---------- GIVEN RECORDS

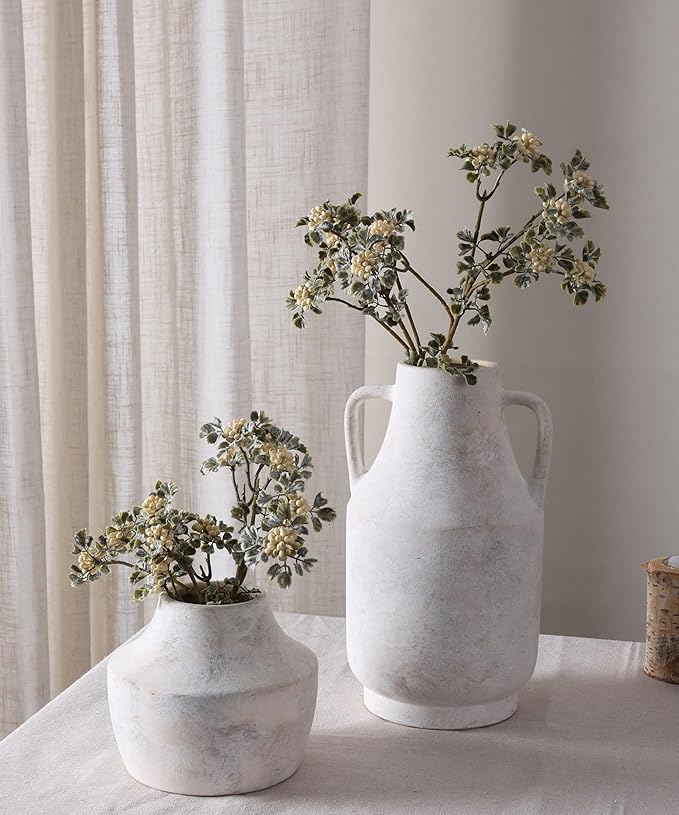 11'' Rustic Ceramic Flower Vase with Dual Handles Farmhouse Pottery Vases Decorative Large Vases for House Entryway Kitchen Table Centerpieces, Vintage White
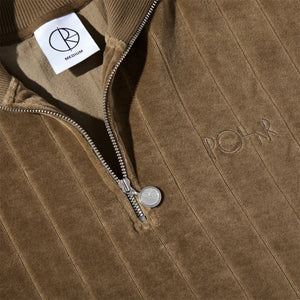 Polar Skate Co - Stripe Velour Zip Neck Sweatshirt (Beech)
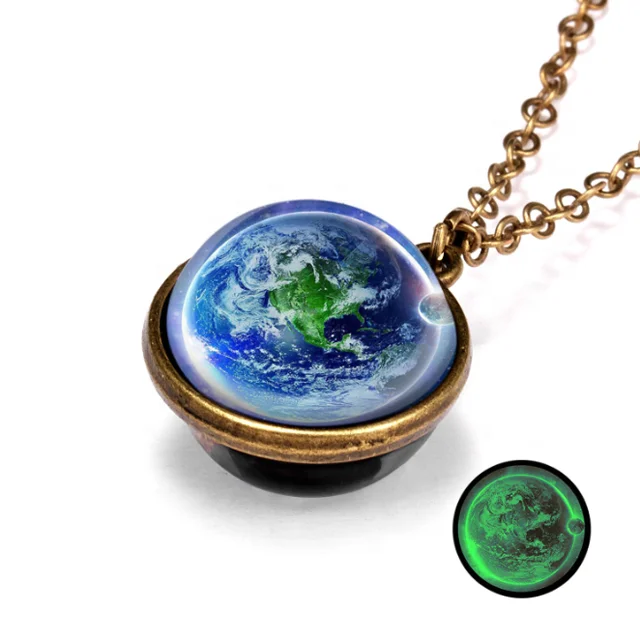 Luminous Glow In Dark Moon Pendant Space Star Galaxy Universe Necklaces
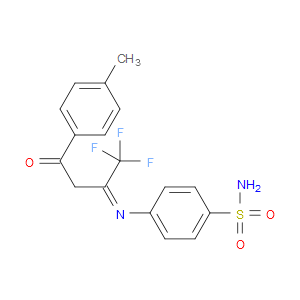 4-[(Z)-[1,1,1-TRIFLUORO-4-(4-METHYLPHENYL)-4-OXOBUTAN-2-YLIDENE]AMINO]BENZENE-1-SULFONAMIDE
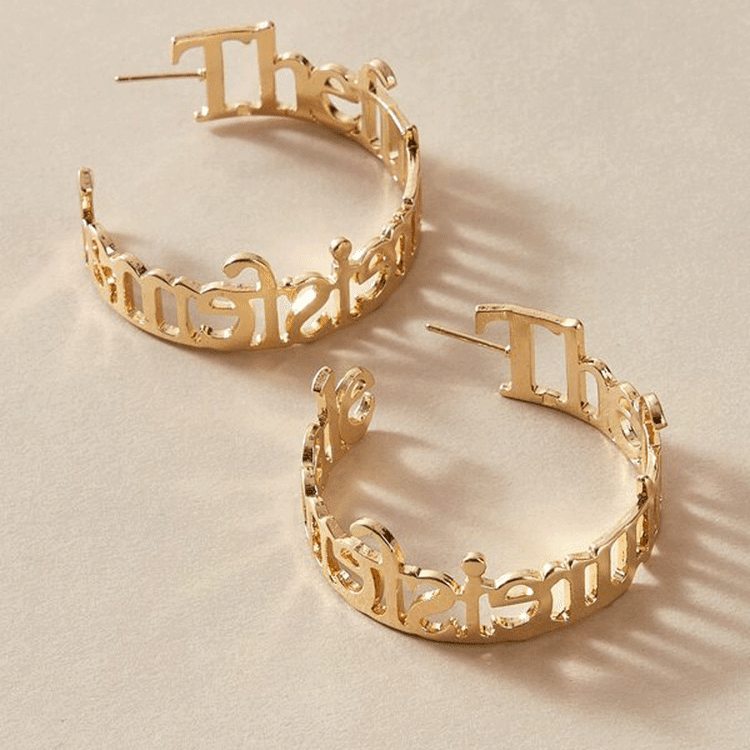 Personalized Name Cuff Hoop Earrings Gifts for Her
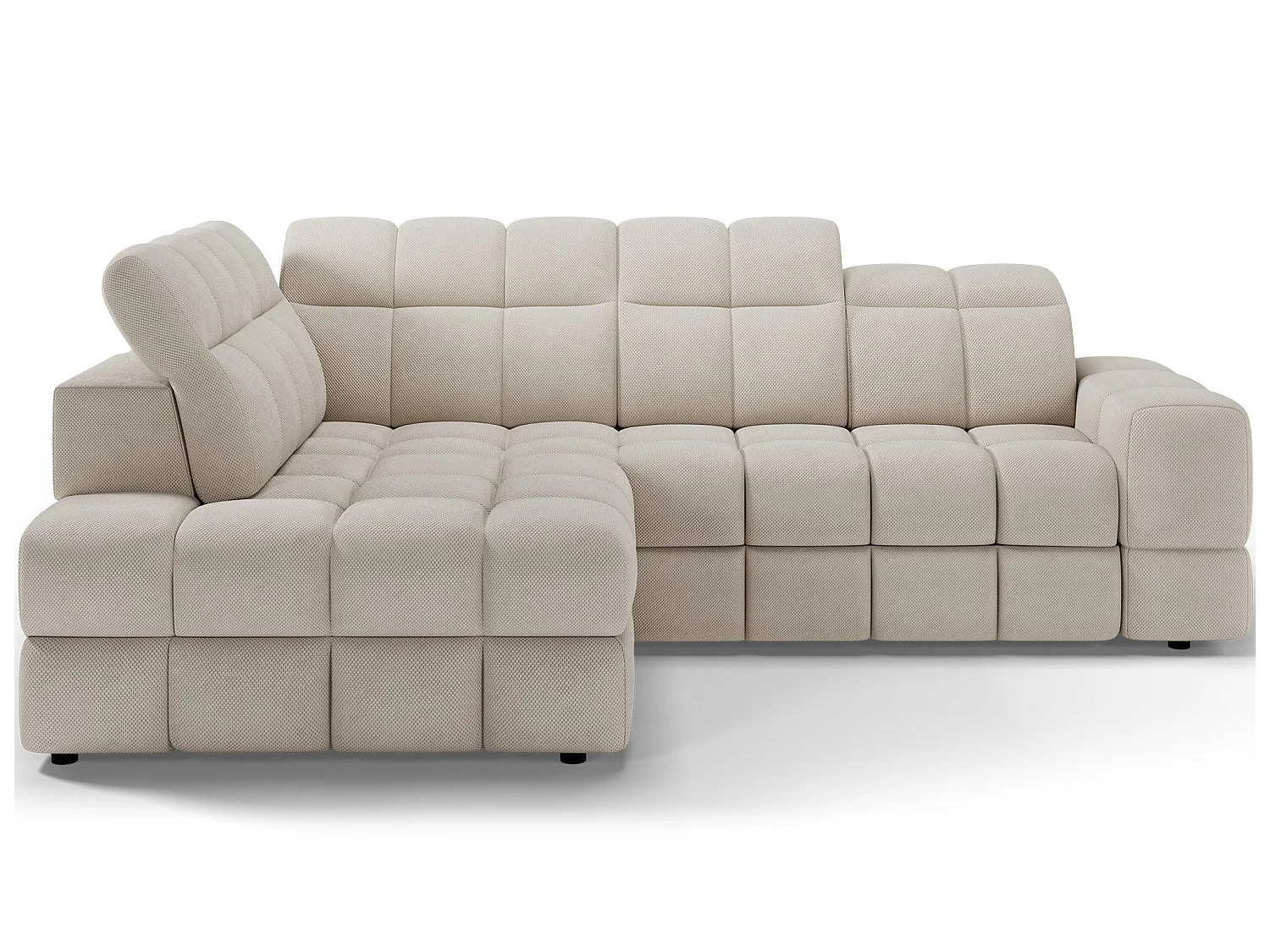 Ecksofa Bronon mit Schlaffunktion und Bettkasten – Modernes Design, verstellbare Kopfstützen und verschiebbare Rückenlehnen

--------------------

- TASK DESCRIPTION -
Set down all of the data word for word; no pictures belong in it.

- SOLUTION -
 11'' Rustic Ceramic Flower Vase with Dual Handles Farmhouse Pottery Vases Decorative Large Vases for House Entryway Kitchen Table Centerpieces, Vintage White
 Polar Skate Co - Stripe Velour Zip Neck Sweatshirt (Beech)
 Luminous Glow In Dark Moon Pendant Space Star Galaxy Universe Necklaces
 4-[(Z)-[1,1,1-TRIFLUORO-4-(4-METHYLPHENYL)-4-OXOBUTAN-2-YLIDENE]AMINO]BENZENE-1-SULFONAMIDE
 Personalized Name Cuff Hoop Earrings Gifts for Her
 Ecksofa Bronon mit Schlaffunktion und Bettkasten – Modernes Design, verstellbare Kopfstützen und verschiebbare Rückenlehnen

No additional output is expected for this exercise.